ヒント: 問い合わせが予測される休業日や営業時間などに関する質問について、事前にIVRスクリプトを作成しましょう。そうすることで、すぐに実用できます。
4. トリアージコール
着信電話に優先順位を付ける方法は沢山ありますが、どのコールを最優先すべきかは各ビジネスルールに従う必要があります。ZendeskのCX Trendsレポートによると、消費者の61%が、カスタマーサービスで一度でも不快な思いをすれば、もうその企業からは買い物をしないという結果が出ています。要するに、重要顧客を電話口で長時間待たせておくことはできないということです。以下にIVRの主な利点を挙げてみましょう:
VIPからの電話を優先する
市外局番に基づき、電話を特定のグループに振り分ける
キューで待機中の発信者のチケットを確認する
着信時間ではなく、優先順位に基づいて電話をルーティングする
キューで待機中のコールに、トリガを実行して優先順位や待機グループを変更する
キューの待ち時間が最大待機時間になるまで、対応可能な担当者に順次割り当てる
以下に具体的なシナリオを考えてみましょう。顧客から同時にサポート番号に電話が2件あったとします:
ケース1:
データ分析アプリの統合に関してサポートが必要なため順番を待っています。
レベルの一番低いサブスクリプション(月額2,000円)に2~3週間前に加入しました。
特に急ぎである様子はなく、落ち着いています。
ケース2:
経営者で、サブスクリプションを解約すると言って脅すような態度を見せています。
ソフトウェアがクラッシュし、システムにアクセスできません。その間毎時数十万円の損害が発生するため、非常に苛立っています。

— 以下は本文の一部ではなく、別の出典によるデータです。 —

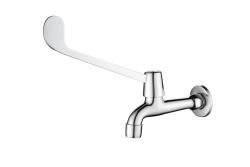 Aquanello Medic Cold Tap Long Handle Chrome CR-1102-MD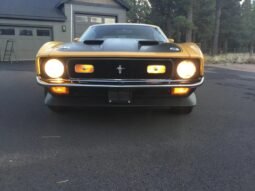 1971 Ford Mustang Boss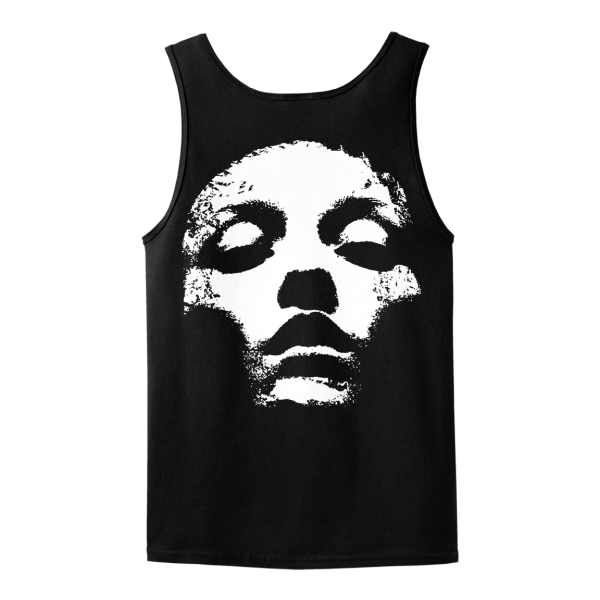 Converge  Jane Doe  Black Tank Top Fashion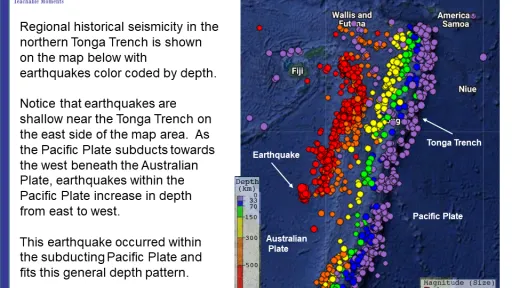 M 7.0 Fiji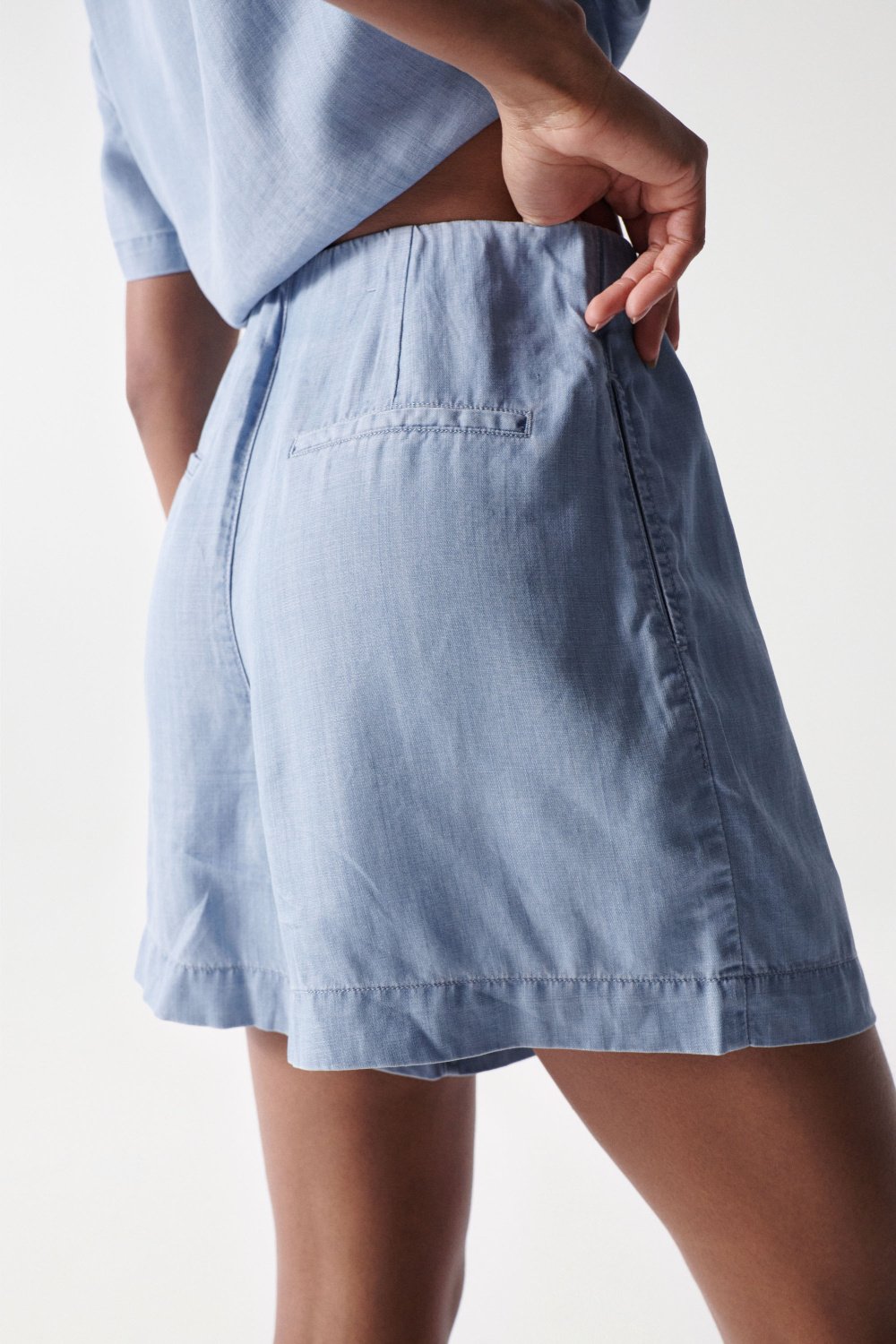 SALSA Shorts - Sky Harbor Blue - 21005942.0851 von Salsa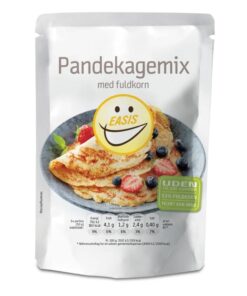 EASIS Pandekagemix med fuldkorn (300g)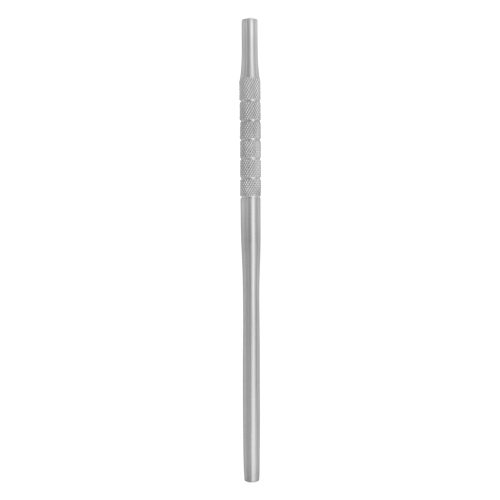 Mirror Handle Rounded (Serrated Grip No.2)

8年前に契約して以来の顧客で、毎月約60万円の売り上げがあります。
どちらの顧客を優先的にサポートしますか? ケース2の顧客になるでしょう。なぜなら、ニーズ、購入履歴、行動が、緊急性を測るポイントにより類似しているからです。
カスタマーサービス担当者は、問題が発生した時に、重要な顧客が大切にされていると感じられるように、可能性まで含めた影響を基にして優先順位を付けられるシステムが必要です。IVRシステムを使用して、不満を抱える顧客の心を掴むこともできます:
VIP顧客としてタグ付けし、速やかにキューの先頭に配置し、最も有能な担当者に割り当てる。

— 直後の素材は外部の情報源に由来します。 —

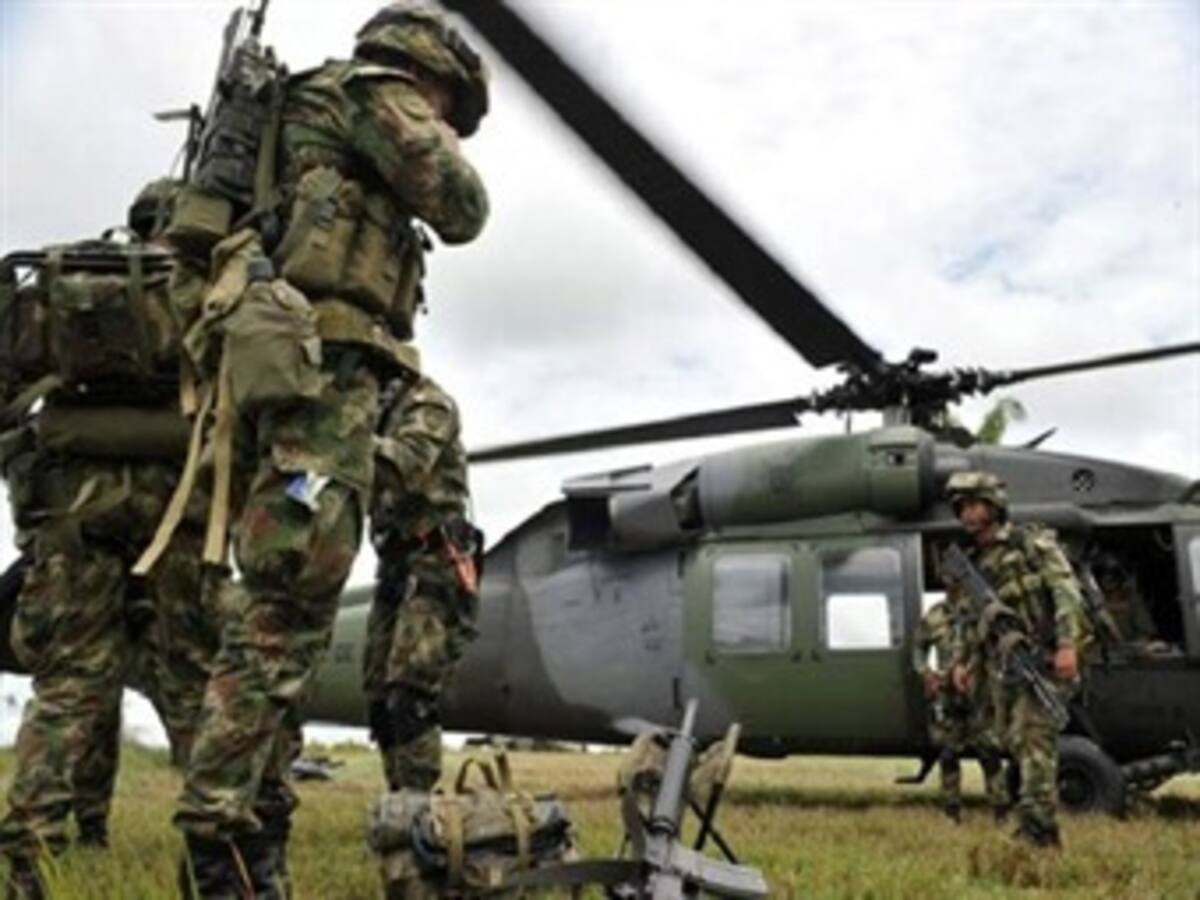 Consejo de Estado declaró culpable al Ejército por desplazamiento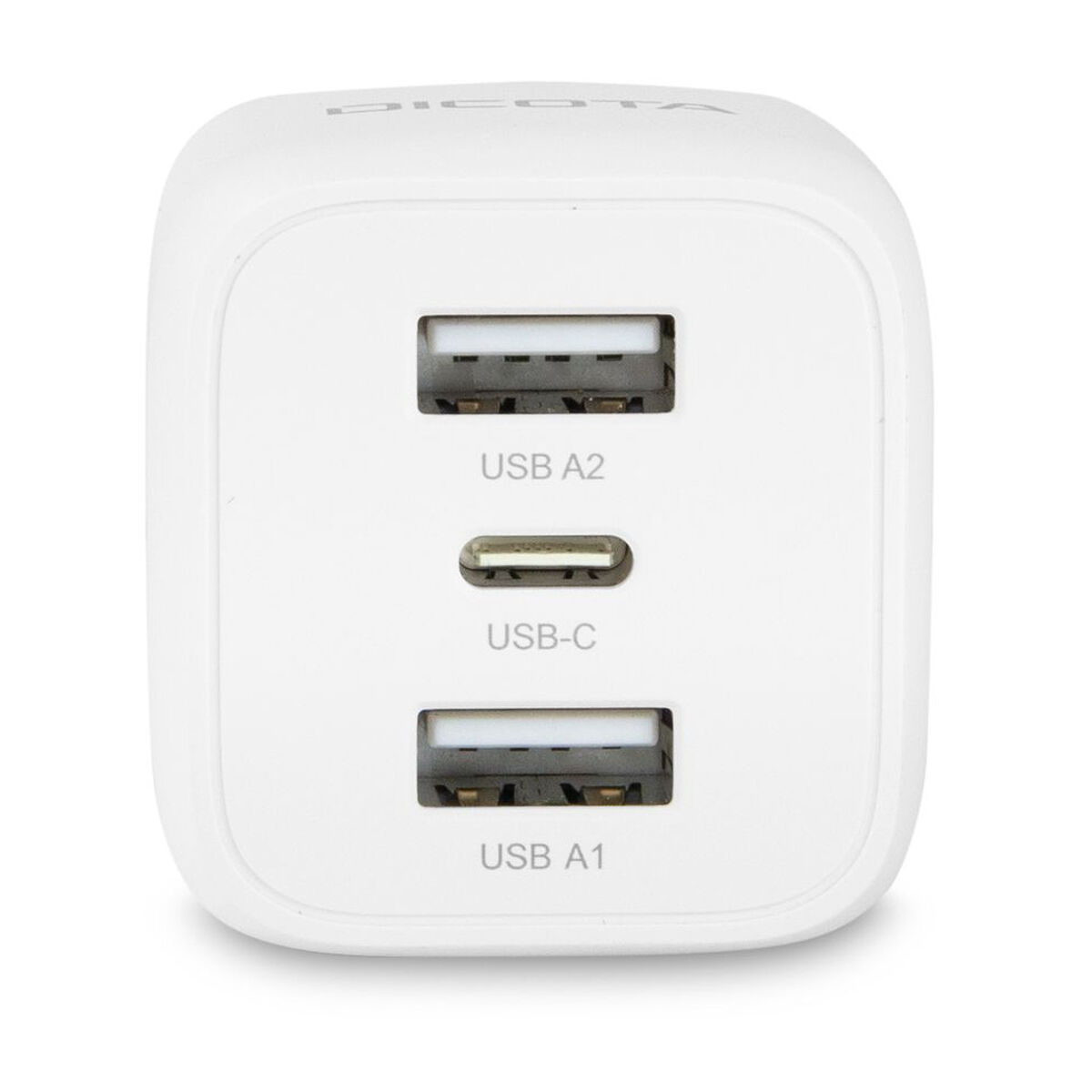 Cargador de Pared Dicota D32069 Blanco 32 W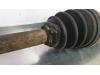 Front drive shaft, left from a MINI Mini One/Cooper (R50) 1.6 16V Cooper 2003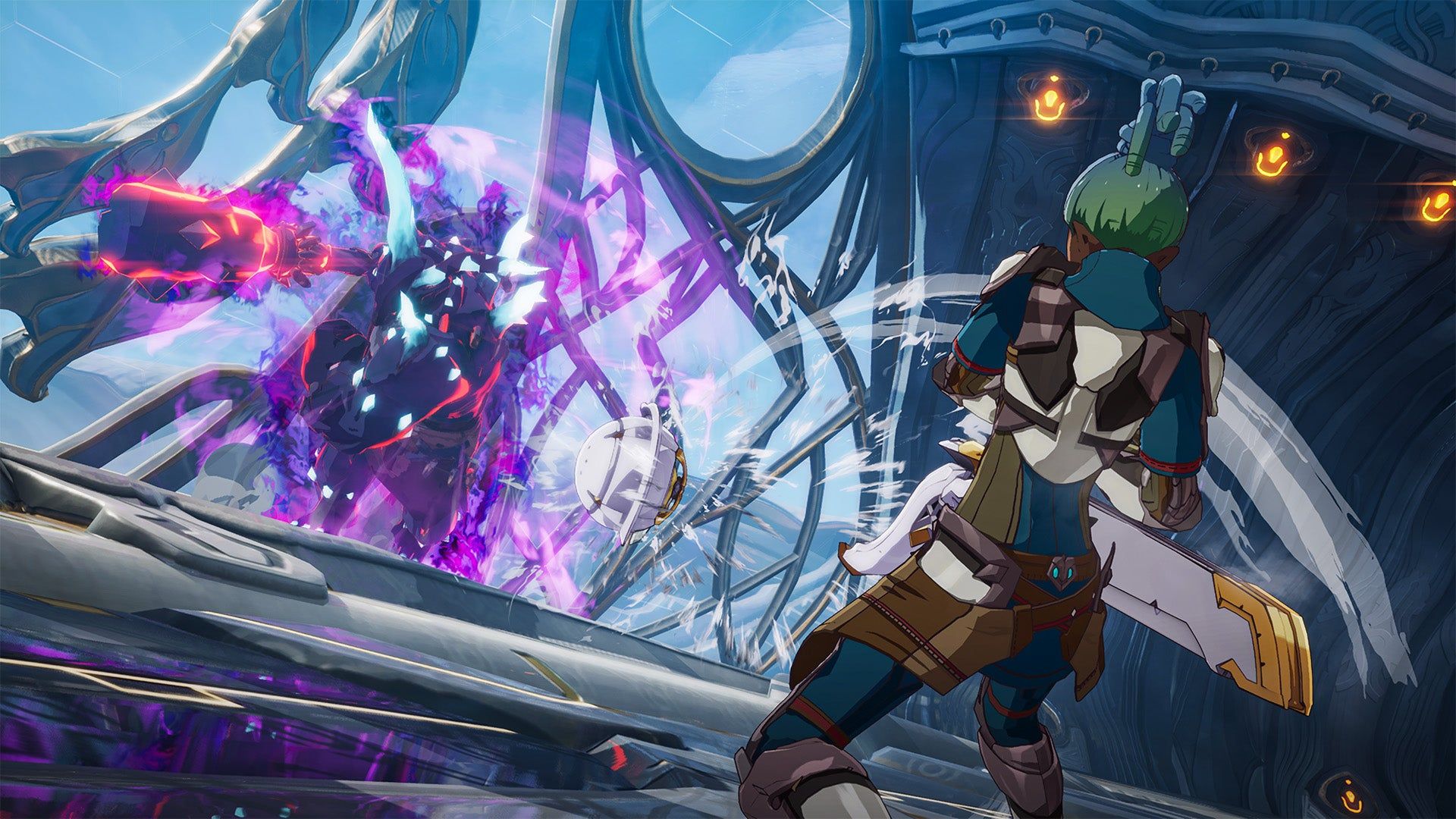 1920x1080 Hands On With Bandai Namco's Beautiful Anime MMORPG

通話履歴を使用して、担当者にいつ転送すべきかを定める。
可能な限り自動応答で対応し、不便な待ち時間を回避できるようにする。
5. 顧客情報を確認し、担当者の手間を省く
カスタマーサポートに自動化機能を導入しているコンタクトセンターは、一般的に応答時間が短く、顧客満足度も高い傾向にあります。例えば、顧客がオンライン注文に関してサポートチームに電話した場合、IVR電話システムは自動的に顧客の詳細情報とコンタクト理由を確認することができます。
担当者は、対応する顧客に関する情報を事前に取得することができるため、顧客に何度も同じことを繰り返させずに、速やかな問題解決が見込めます。
ヒント: 顧客がIVRソフトウェアを使用してテキストバックをリクエストした場合は、背景情報を基に、回答となる関連性のあるナレッジベース記事を送信することもできます。
6. 効果的なIVRメニューで着信件数を低減
IVRメニューオプション
IVRメニューをカスタマイズして、着信件数を減らし、担当者の負担を軽減することができます。
ボイスメールまたはコールバック: 待機時間が長くなる場合、メッセージを残したり、コールバックが受けられるオプションを提示します。
番号または部署: 専門的な知識が必要な場合は、特定の電話番号にコールを転送します。
IVR補助メニュー: 録音メッセージを使って、情報が掲載されたWebサイトに誘導したり、さらなるオプションを提示します。
テキストバック: 電話をテキストメッセージに切り替えて、着信件数を減らし、オンライン上のリソースを提供します。
FAQの回答: よくある質問には、自動的にあらかじめ録音された回答を提供します。
サポート担当者は、より良いサポートを提供するために、高度な通話文字起こし機能や品質保証機能を使用することができます。さらにコールセンターソフトウェアは、リアルタイムで顧客との会話を追跡するだけでなく、社内のコールセンタープロセスを改善するための重要なインサイトを収集することも可能です。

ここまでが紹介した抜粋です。